What is expected: Reproduce the listing exactly. Omit pictures.
::::
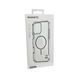 Чехол Cosmic Acrylic Thin Magnetic для Samsung Galaxy A26 Grey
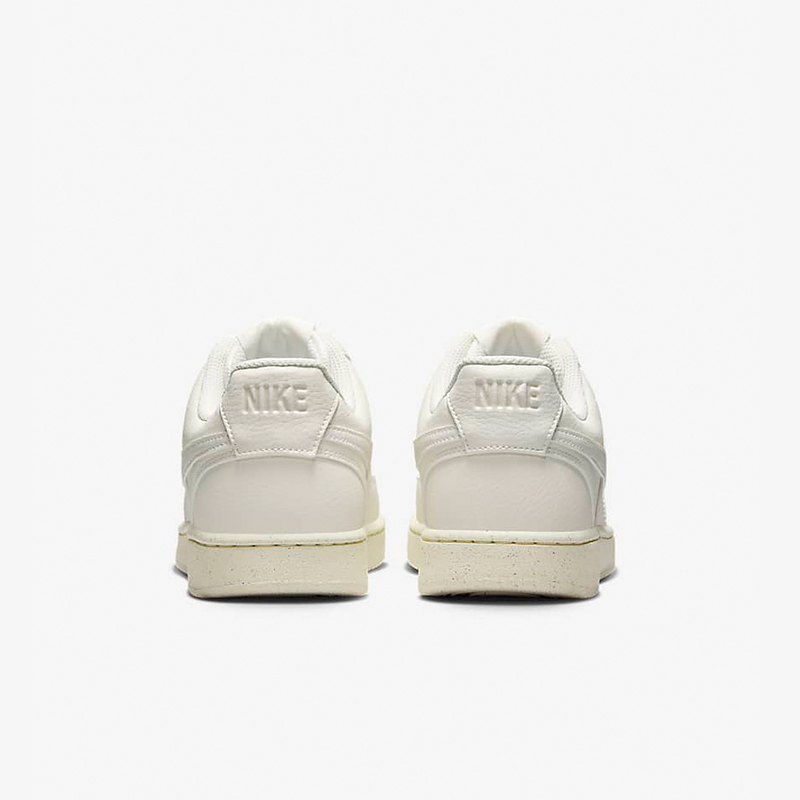 Nike耐克女鞋2024冬季新款COURT小白鞋简版空军运动鞋 DH3158-110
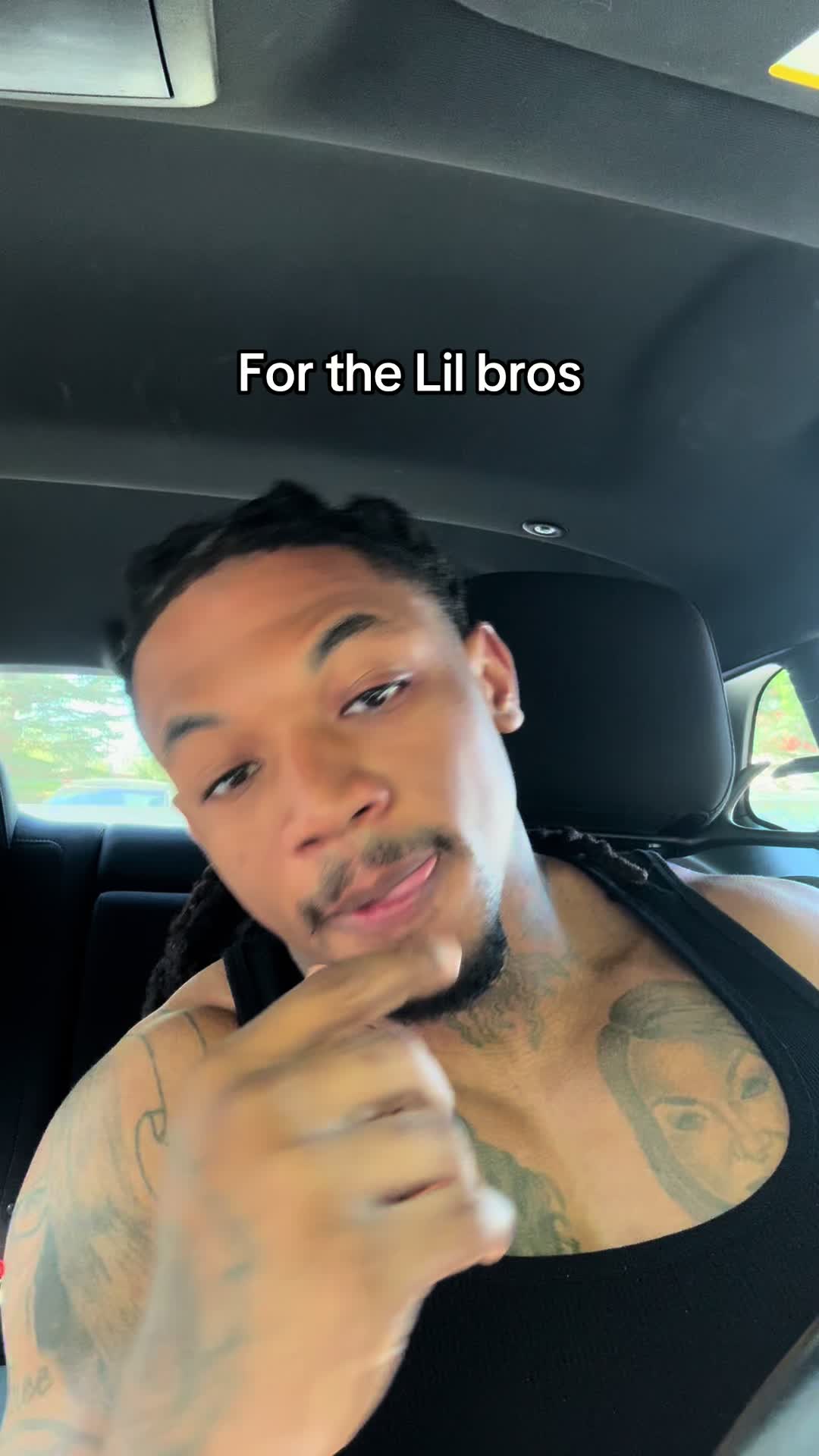@Rahja Rose
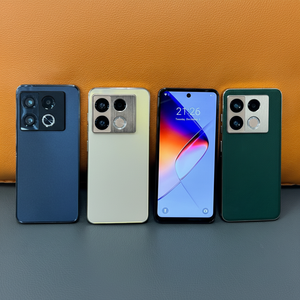 สินค้าราคาถูก โทรศัพท์มือถือ Nothing Phone 3a ระบบแอนดรอยด์ - Product Image 1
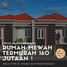 2 Kamar Rumah for sale in Bantul, Yogyakarta, Pajangan, Bantul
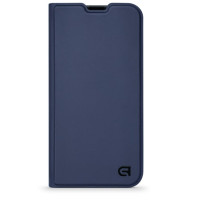 Книжка OneFold Motorola G15 Темно синя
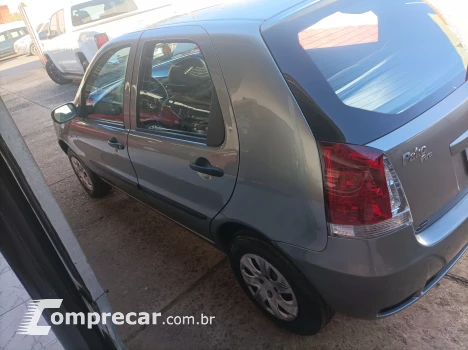 PALIO 1.0 MPI Fire Celebration 8V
::::
Exercise output:
 Чехол Cosmic Acrylic Thin Magnetic для Samsung Galaxy A26 Grey
 Nike耐克女鞋2024冬季新款COURT小白鞋简版空军运动鞋 DH3158-110
@Rahja Rose
 สินค้าราคาถูก โทรศัพท์มือถือ Nothing Phone 3a ระบบแอนดรอยด์ - Product Image 1
 2 Kamar Rumah for sale in Bantul, Yogyakarta, Pajangan, Bantul
 Книжка OneFold Motorola G15 Темно синя
 PALIO 1.0 MPI Fire Celebration 8V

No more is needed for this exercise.